**Extracted material**
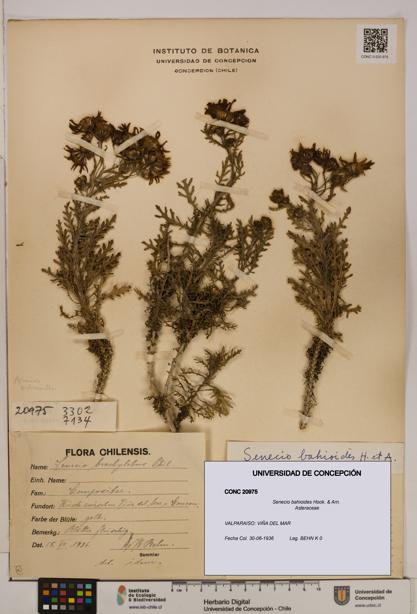 Senecio bahioides [Espécimen: UDEC:CONC:0020975]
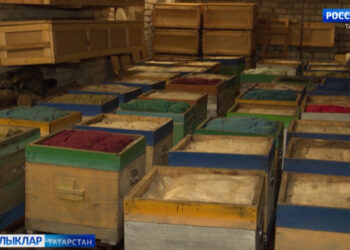 Бал кортлары кышын нишли?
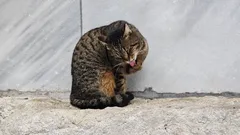 Stačí se podívat na ty tvářičky: okouzlující istanbulské kočky v objektivu našeho fotografa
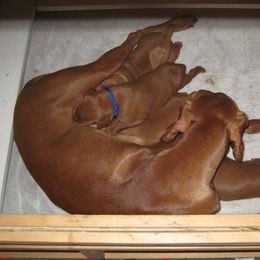 Vizsla Puppies from Sequoia Reds Vizslas
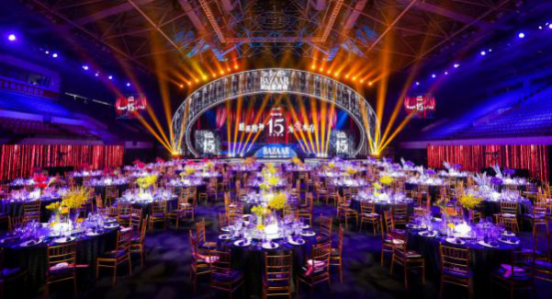 苏芒创办芭莎慈善夜15周年 为爱助力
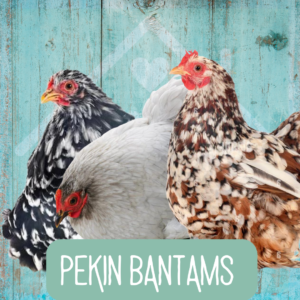 Pekin Bantams 2026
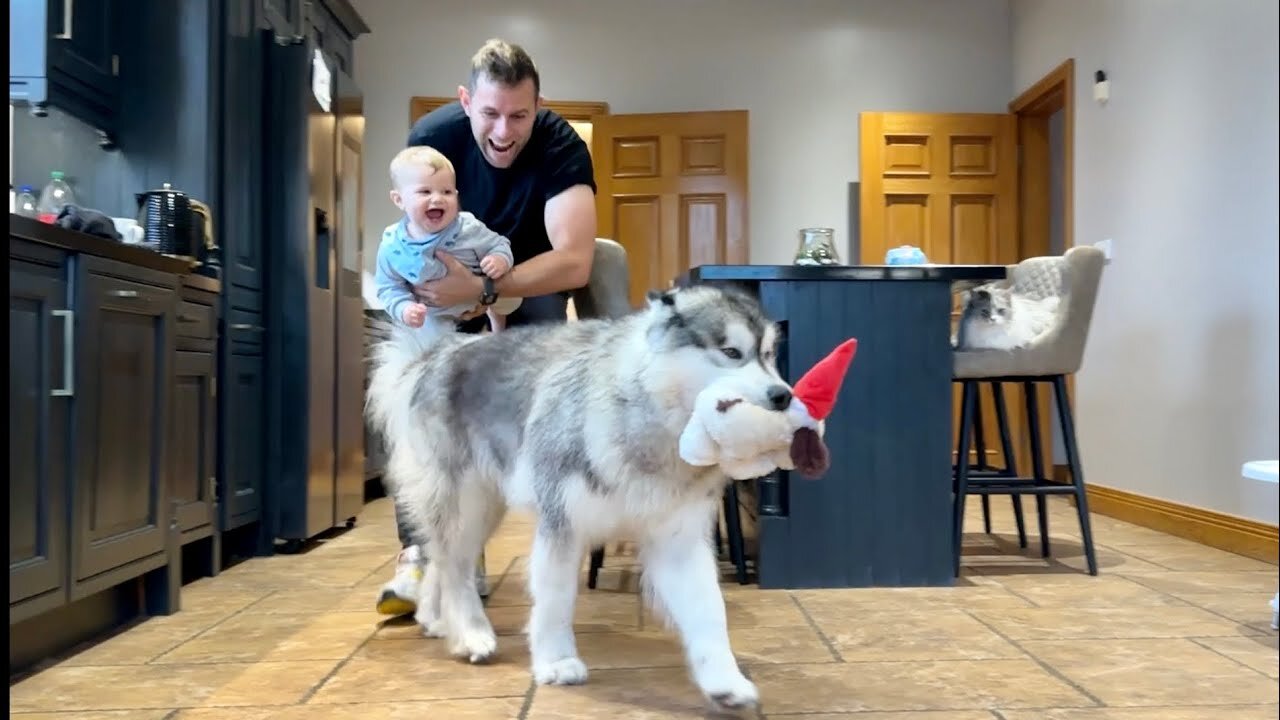 Adorable Baby Boy Can't Stop Laughing At Dog! (Cutest Ever!!)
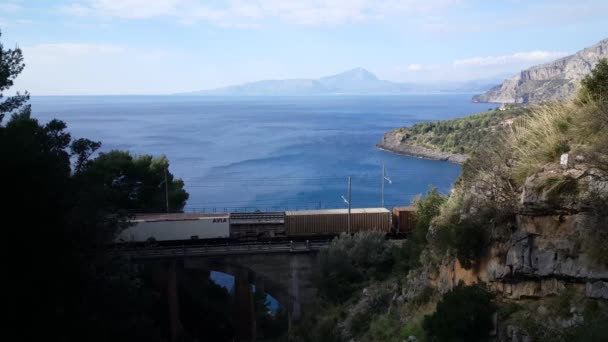 Vrachttrein Een Brug Bij Zee Acquafredda Italië — Stockvideo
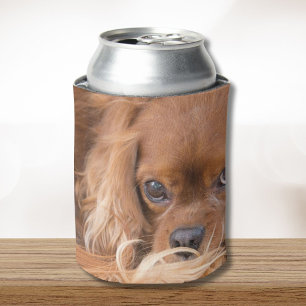Ruby Cavalier King Charles Spaniel Can Cooler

**Problem to work on**
Your task is to repeat only the lines from the line containing "Stačí se podívat" through the final line of the material, inclusive; do not include pictures.

**Solution to the problem**
 Stačí se podívat na ty tvářičky: okouzlující istanbulské kočky v objektivu našeho fotografa
 Vizsla Puppies from Sequoia Reds Vizslas
 苏芒创办芭莎慈善夜15周年 为爱助力
 Pekin Bantams 2026
 Adorable Baby Boy Can't Stop Laughing At Dog! (Cutest Ever!!)
 Vrachttrein Een Brug Bij Zee Acquafredda Italië — Stockvideo
Ruby Cavalier King Charles Spaniel Can Cooler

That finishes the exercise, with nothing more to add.